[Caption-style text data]
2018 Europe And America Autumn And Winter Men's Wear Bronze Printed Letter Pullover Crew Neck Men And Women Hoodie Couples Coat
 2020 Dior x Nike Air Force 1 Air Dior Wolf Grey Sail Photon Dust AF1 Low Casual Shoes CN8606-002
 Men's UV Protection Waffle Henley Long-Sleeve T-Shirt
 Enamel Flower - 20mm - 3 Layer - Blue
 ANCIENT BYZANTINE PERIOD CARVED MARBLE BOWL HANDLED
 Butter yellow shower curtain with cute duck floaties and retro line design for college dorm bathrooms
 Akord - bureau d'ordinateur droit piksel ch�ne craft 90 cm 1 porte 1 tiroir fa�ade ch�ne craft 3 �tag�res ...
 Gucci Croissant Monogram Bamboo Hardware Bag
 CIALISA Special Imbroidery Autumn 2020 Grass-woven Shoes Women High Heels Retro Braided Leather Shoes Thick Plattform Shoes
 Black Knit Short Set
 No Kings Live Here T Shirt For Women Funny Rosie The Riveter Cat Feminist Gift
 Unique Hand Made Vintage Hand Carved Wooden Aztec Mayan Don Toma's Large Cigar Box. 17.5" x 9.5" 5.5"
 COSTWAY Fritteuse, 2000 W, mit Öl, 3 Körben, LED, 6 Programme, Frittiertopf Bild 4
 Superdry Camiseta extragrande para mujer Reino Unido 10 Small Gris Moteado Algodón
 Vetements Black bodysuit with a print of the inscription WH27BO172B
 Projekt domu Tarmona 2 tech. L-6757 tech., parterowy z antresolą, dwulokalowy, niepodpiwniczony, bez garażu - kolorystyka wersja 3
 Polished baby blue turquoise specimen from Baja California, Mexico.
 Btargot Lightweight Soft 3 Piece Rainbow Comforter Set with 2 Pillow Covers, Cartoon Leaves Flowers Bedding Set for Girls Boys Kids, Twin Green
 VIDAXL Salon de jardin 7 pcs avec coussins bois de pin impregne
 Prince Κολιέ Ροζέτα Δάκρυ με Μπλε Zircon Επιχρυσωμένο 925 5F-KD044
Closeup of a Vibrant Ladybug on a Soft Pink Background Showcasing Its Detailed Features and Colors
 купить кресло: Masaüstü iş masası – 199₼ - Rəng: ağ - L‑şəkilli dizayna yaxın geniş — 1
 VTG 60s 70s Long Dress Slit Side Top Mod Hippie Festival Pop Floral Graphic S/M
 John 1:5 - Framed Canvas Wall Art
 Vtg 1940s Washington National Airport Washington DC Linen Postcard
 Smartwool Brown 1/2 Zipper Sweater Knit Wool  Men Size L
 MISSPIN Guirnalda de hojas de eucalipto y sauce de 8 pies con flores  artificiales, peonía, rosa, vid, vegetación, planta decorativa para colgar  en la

▶ _WORK ORDER_
All lines above from the line with "Closeup of a" through the line with "VTG 60s 70s", both included, are to be set down exactly, with nothing else.

▶ _ANSWER TO THE EXERCISE_
Closeup of a Vibrant Ladybug on a Soft Pink Background Showcasing Its Detailed Features and Colors
 купить кресло: Masaüstü iş masası – 199₼ - Rəng: ağ - L‑şəkilli dizayna yaxın geniş — 1
 VTG 60s 70s Long Dress Slit Side Top Mod Hippie Festival Pop Floral Graphic S/M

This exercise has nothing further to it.